Rybakina: I have some good friends on tour. But the closest friends, they're not playing WTA tournaments because my ranking went up so fast.
I have a few friends here on tour and they're nice so we can spend some time together. But the top players, they don't know me, I don't know them yet.
WTA Insider: So what do you do when you're not playing tennis?
Rybakina: I love animals. I have a dog, a beagle named Mulia. I like to spend my time with friends for sure when I'm at home.
But I can't say that I have hobbies. I don't even have time for this because before I was going to school. So it was for me it was school and practice. But it wasn't so bad for me. For example, practice was not individual training.
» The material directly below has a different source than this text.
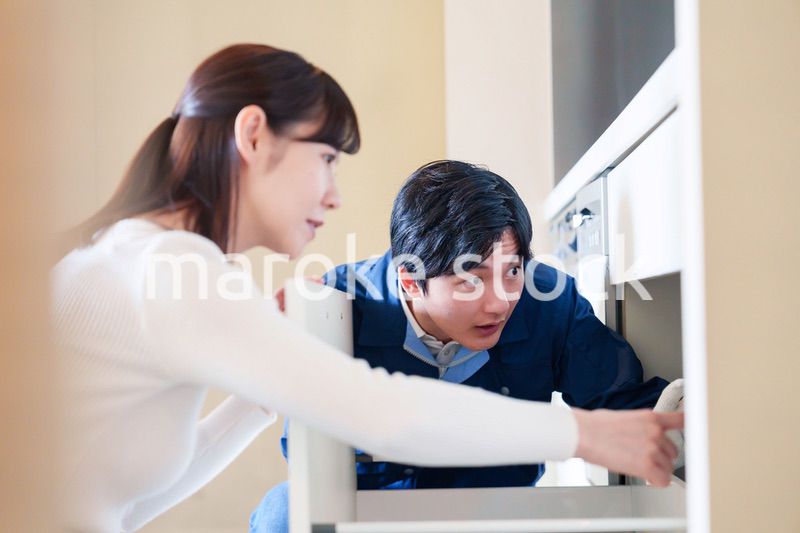 修理業者に家の修理をお願いする女性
It was always in a group so it was fun.
So now if I have free time, I want to always spend the time with my friends and family because last year I was not at home for such a long time. It was always like five days, three days, and then I have to go to the tournaments. It's a big change for me because before I didn't play so many tournaments and I always had time to go home and I was practicing at home.
WTA Insider: Not many fans have seen you play many matches yet. What would you say to people to convince them to watch you play?
Rybakina: Oh, I don't know. I don't even feel that I have a lot of fans to be honest, because it was pretty fast for me. So I always tell my coach, no no, they don't know me, we can go. And he says no, you don't understand. They will know you.
I mean, I'm playing aggressive. I have a big serve and I'm trying to go forward. And I don't have really long rallies.